この様な我々日本人が期待する競技はインターネットのニュースが唯一の情報源となる。日本オリンピック委員会(JOC)が目標とした北京オリンピックでの獲得メダル、金10個以上(総数でいくつだったかは忘れたが)は、残念ながら目標に及ばなかった。
小生が受けた最初の違和感は開会式での行進である。こればかりはBBCでも全て映しているので、直ぐに分かった。何が違和感かと言えばどこの国の選手団でも、自国の国旗を誇らしげに振ってにこやかに行進しているのに、日本の選手団だけが自国の国旗(日の丸)と中国の国旗を同時に振らされていた事である。
この様な要請が中国からあるはずは無い!
もしあれば全ての国であるはずで、他国でも一つや二つ中国国旗を同時に振って行進していたはずであろう。しかしながら開会式当日の選手団で自国の国旗以外を振っていたのは日本の選手団だけだった様に思う。
なぜこんな事をしたのだろうか?小生は今もって理解に苦しむ。オリンピック開会式の入場行進と云えば、多くの参加国数による開催国の国威発揚(特に今回のオリンピックではその傾向が強かった)が一つの大きな目的である。それだけに、これを強要したJOCの責任者は何を考えているのだろうと余計あきれてしまった。
よその国の国旗を振らせておいて「自国(日本)の為に誇りを持って戦え(頑張れ)」と云えるのか?相当頭の悪い権威を持った者が命令したのであろう。
日本に中国との戦争の歴史があり、国民が日本に対して悪感情を持っているから、少しでもご機嫌を取ろうとしたのだろうか?
しかし中国と戦争をした国は日本ばかりではない、英国もドイツもそれぞれ植民地を持ち少なからず悲惨な歴史もあることは誰でも知っている。第一に当事国である中国がオリンピックに政治を絡めさせたくない事は明白である。これ程までに世界各国で相次ぐ妨害や抗議行動にあう聖火リレーを過去に見たことが無い。中国にしてみれば直前に起きたこの様な世界の反発や、チベット等の独立問題などの政治色をオリンピックから切り離すことに苦心していたはずである。
そんな事情のある国で日本が過去の戦争責任や国民感情におもねっていたとすれば、選手にしてみればいい迷惑であり、戦う前から『遠慮して!ほどほどに頑張りなさい』と云っている様なものではないか。どこの国の選手も国の代表として誇りを感じて国旗を背負い戦う(競技する)わけである。
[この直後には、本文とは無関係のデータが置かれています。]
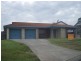 21 Blue Mountain Crescent, Warner QLD 4500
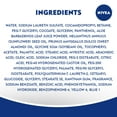 thumbnail image 5 of NIVEA Refreshing Fresh Aloe and Lilly Body Wash with Nourishing Serum, 20 fl. oz., 5 of 5
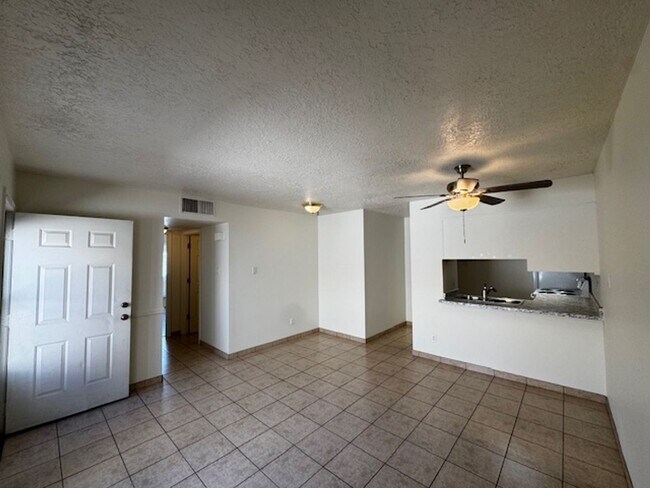 Photo - 12244 Menaul Blvd NE Unit C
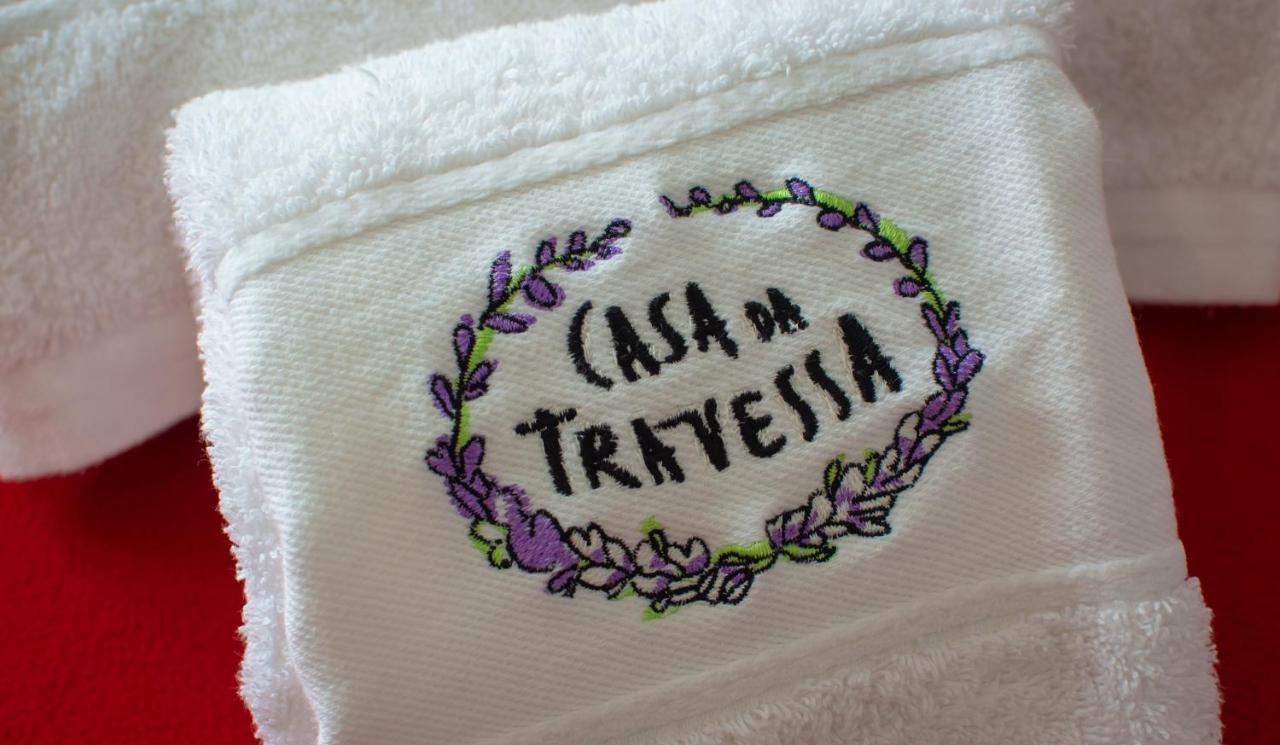 Casa Da Travessa - Obidos Villa Kültér fotó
その戦いの前に司令官が主催国におもねる様では初めからメダルの目標など口にしない方が良い。
全力で戦った選手には心より敬意を払うが、他国の国旗を選手達に振らせた責任者には日本国民の前で正式な謝罪をしてもらいたいと感じるのは自分だけであろうか?中国は日本の宗主国ではない。この様なへりくだった行為が過去最大の選手団を送りながら、前回のアテネ大会よりもメダルが取れなかった一つの要因ではないかと思う。
オリンピックは見るものを興奮させる。そして何よりも自国の選手が勝つと単純に嬉しい。必死に戦うアスリートは結果の如何を問わず世界中を感動させる。自国と関係の無い選手の世界新記録にさえ、時にはおめでとうと言いたくなる事さえある。
自分と自国のプライドとを背負って戦う素晴らしいアスリート達に困惑を与えたJOCの責任者に言いたい! あなた達に負けた選手や監督を批判する資格は全く無いと。